(Task details): May I please have every record restated word for word, with the images left out?

[Short descriptive text snippets]
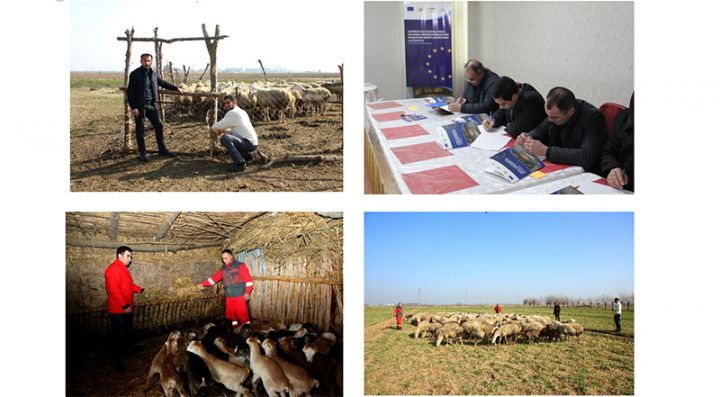 AMFA-nın təlimlərində iştirak etdi, öyrəndi, kooperativ yaratdı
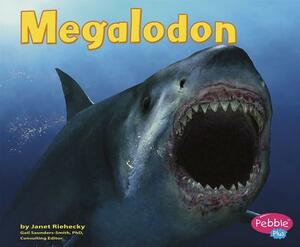 Megalodon by Janet Riehecky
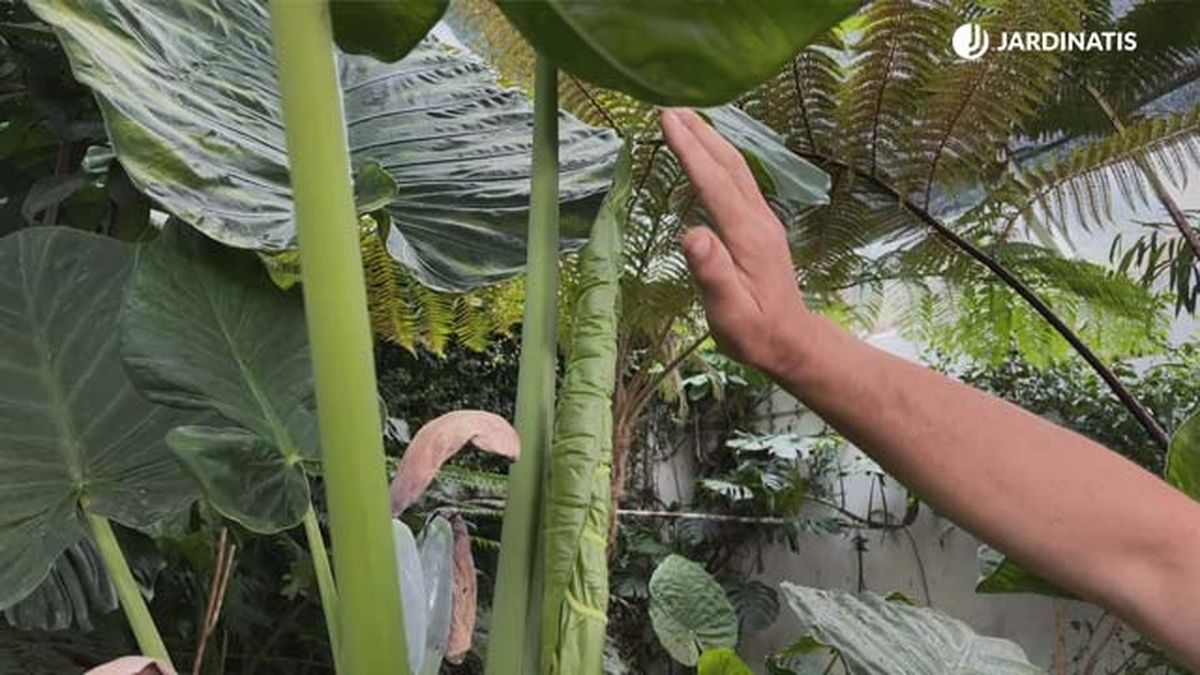 hoja nueva de la alocasia macrorrhiza despues de la floracion jardinatis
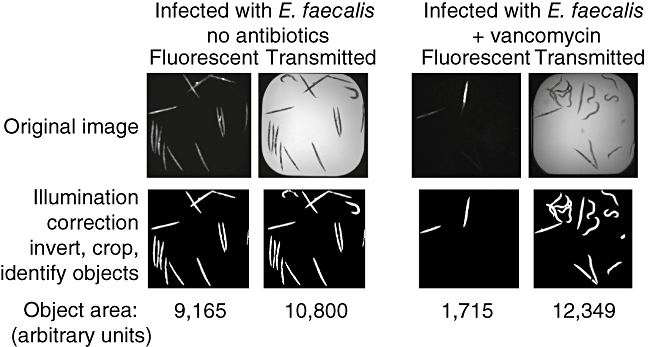 Fig. 2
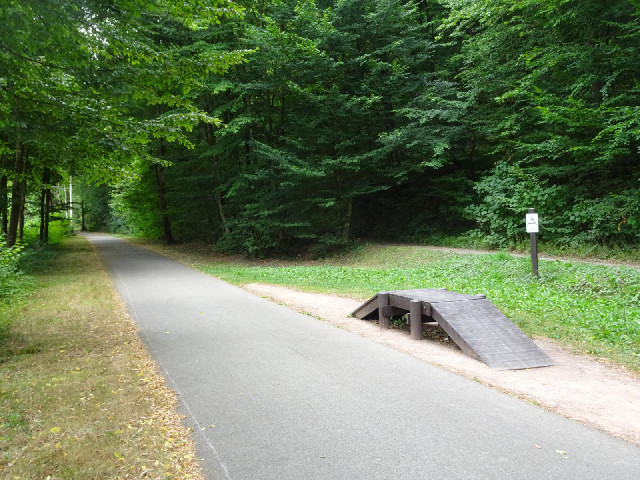 For the first 20 km today, I will be following this old railway line. It has a lot of little activit...
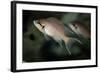 Brichardi Cichlid-null-Framed Photographic Print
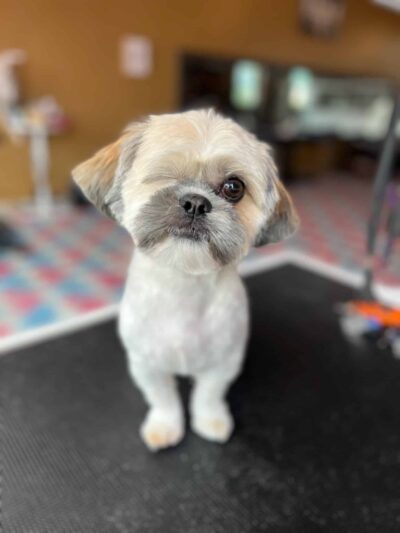 The Pawlor - Orleans, IN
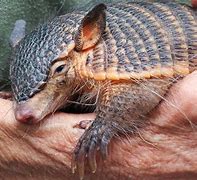 Image result for Armadillo by Morning Meme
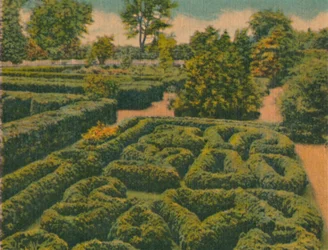 O Jardim de Flores, visão geral, 1946
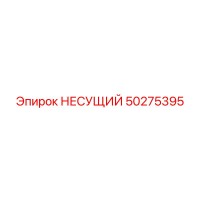 50275395 НЕСУЩИЙ Epiroc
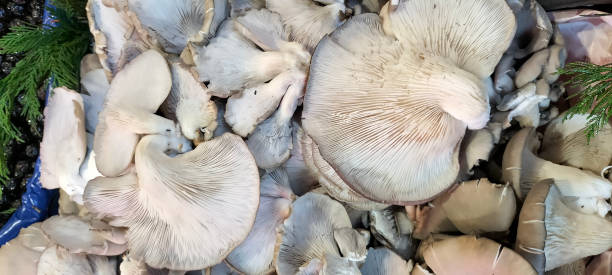 Pleurotus Mushroom stock photo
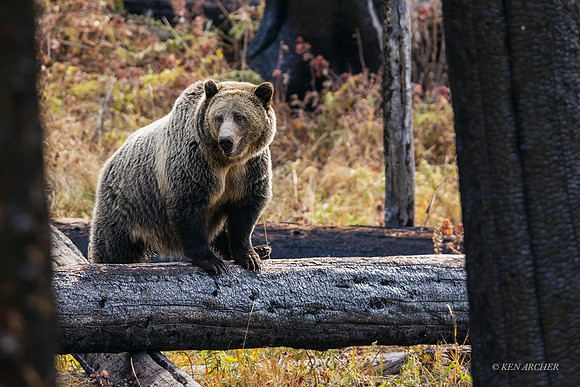 GRZ02533 - Grizzly Bear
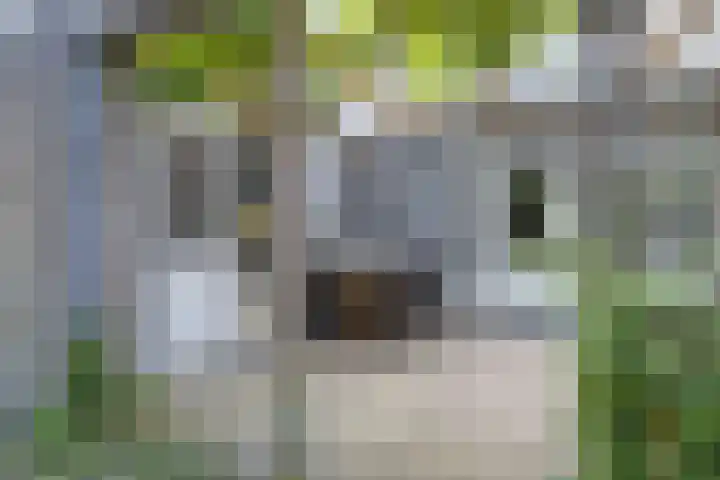 Taling 18 Grijpskerk thumbnail 56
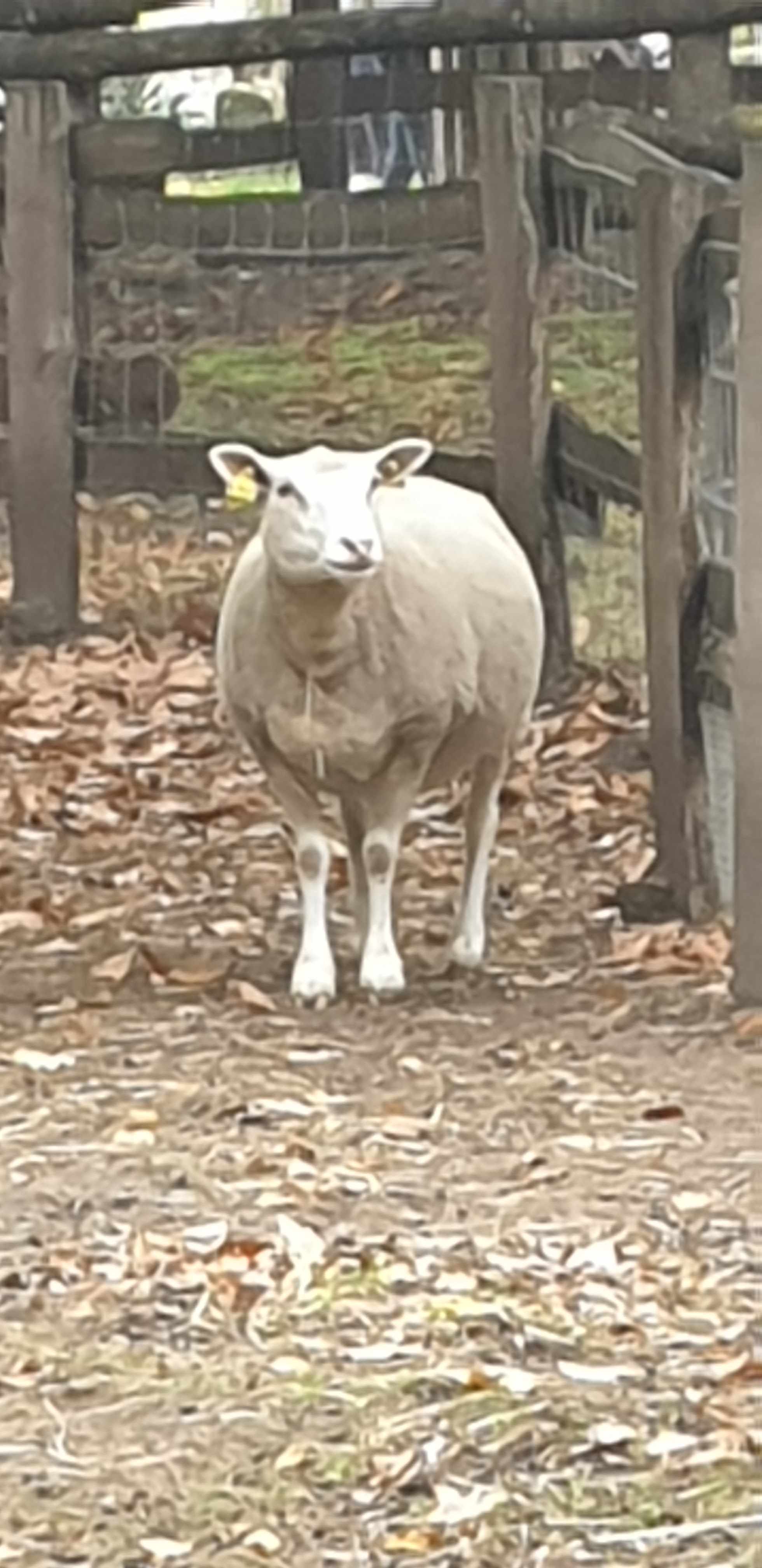 Photo n° 18 de l'avis de Julien.' fait le 23/10/2019 à 14:35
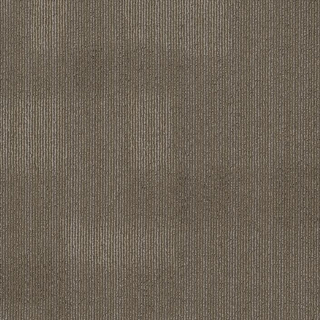 Picture of Philadelphia Commercial by Shaw - Mask Stitched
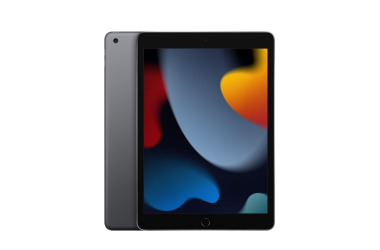 Apple iPad 10,2 WiFi 256GB gwiezdna szarość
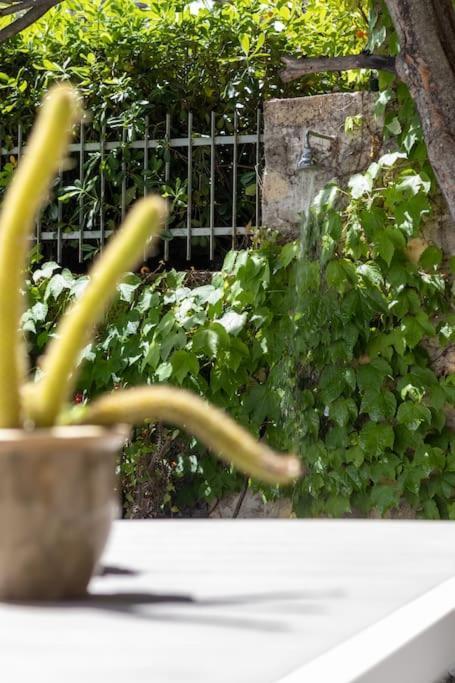 Il Giardino Tra Cielo E Mare Apartamento Porto Venere Exterior foto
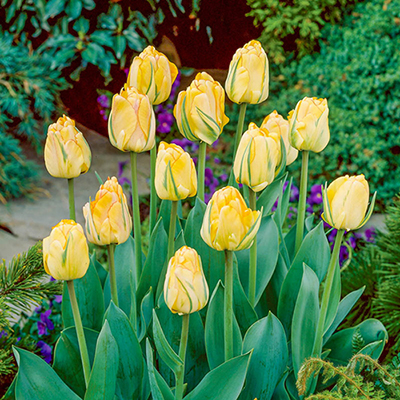 Darwin Hybrid Tulip Akebono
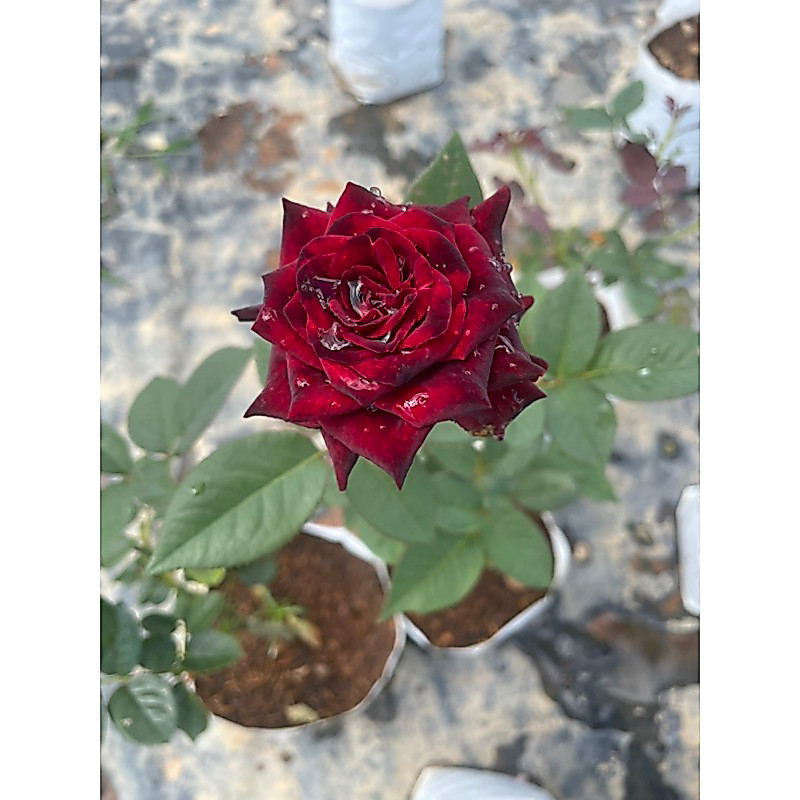 กุหลาบแบล็คบัคคาร่า ตัดดอก สีแดงกำมะหยี่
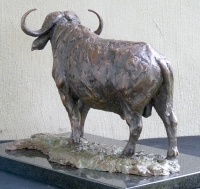 Buffalo Bull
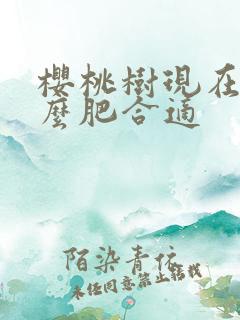 樱桃树现在施什么肥合适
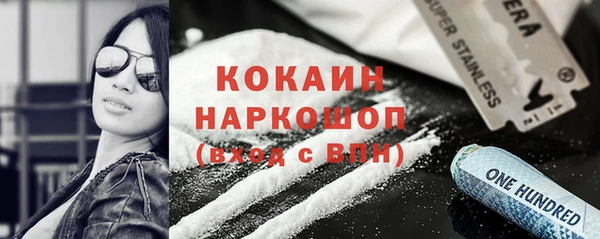 шишки Надым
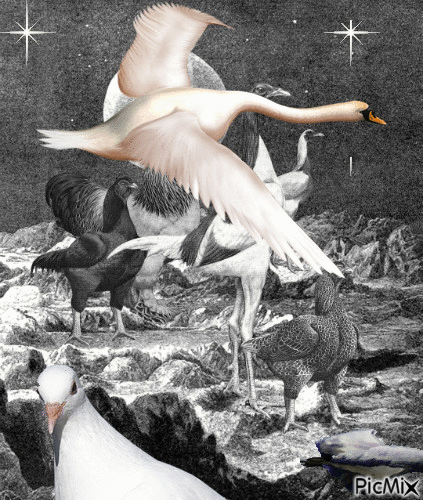 Aves en blanco y negro - Gratis geanimeerde GIF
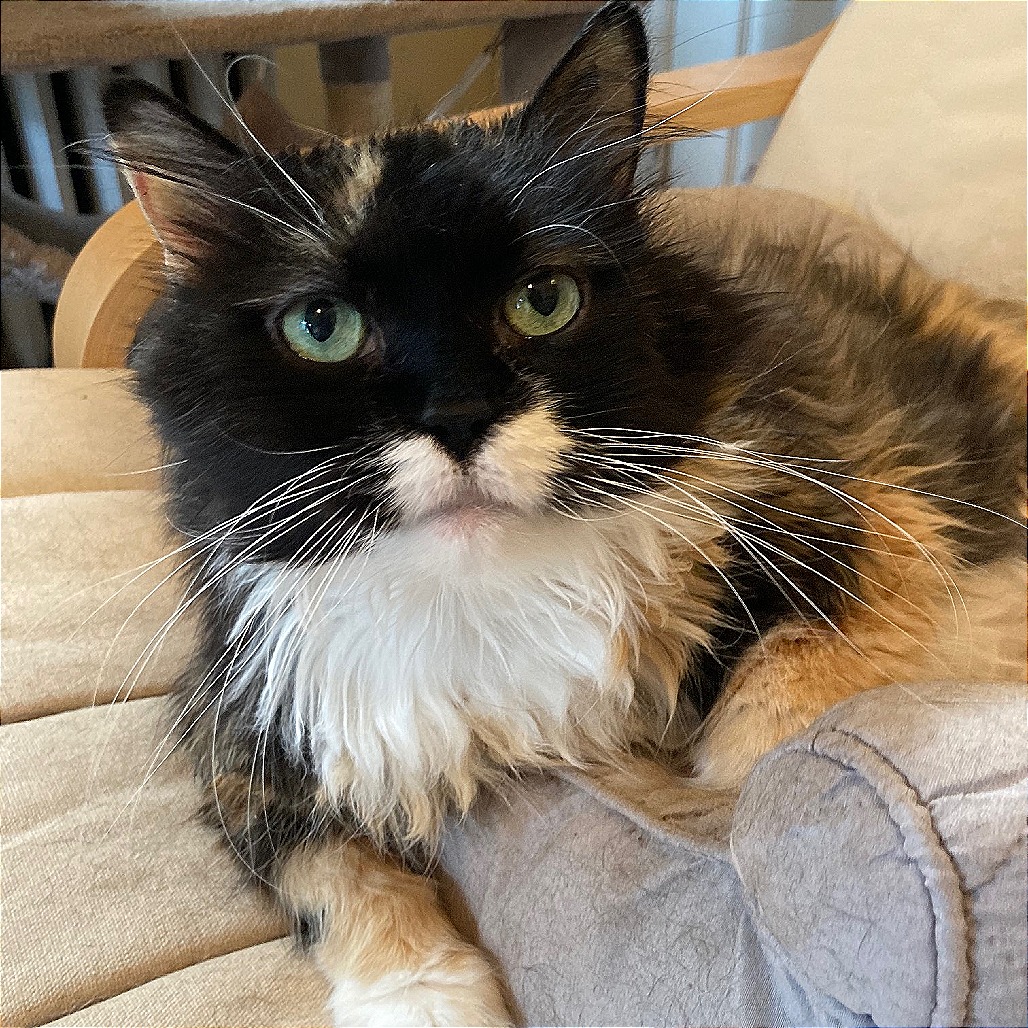 Leah, photo 21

(Result):
 AMFA-nın təlimlərində iştirak etdi, öyrəndi, kooperativ yaratdı
 Megalodon by Janet Riehecky
 hoja nueva de la alocasia macrorrhiza despues de la floracion jardinatis
 Fig. 2
 For the first 20 km today, I will be following this old railway line. It has a lot of little activit...
 Brichardi Cichlid-null-Framed Photographic Print
 The Pawlor - Orleans, IN
 Image result for Armadillo by Morning Meme
 O Jardim de Flores, visão geral, 1946
 50275395 НЕСУЩИЙ Epiroc
 Pleurotus Mushroom stock photo
 GRZ02533 - Grizzly Bear
 Taling 18 Grijpskerk thumbnail 56
 Photo n° 18 de l'avis de Julien.' fait le 23/10/2019 à 14:35
 Picture of Philadelphia Commercial by Shaw - Mask Stitched
 Apple iPad 10,2 WiFi 256GB gwiezdna szarość
 Il Giardino Tra Cielo E Mare Apartamento Porto Venere Exterior foto
 Darwin Hybrid Tulip Akebono
 กุหลาบแบล็คบัคคาร่า ตัดดอก สีแดงกำมะหยี่
 Buffalo Bull
 樱桃树现在施什么肥合适
 шишки Надым
 Aves en blanco y negro - Gratis geanimeerde GIF
 Leah, photo 21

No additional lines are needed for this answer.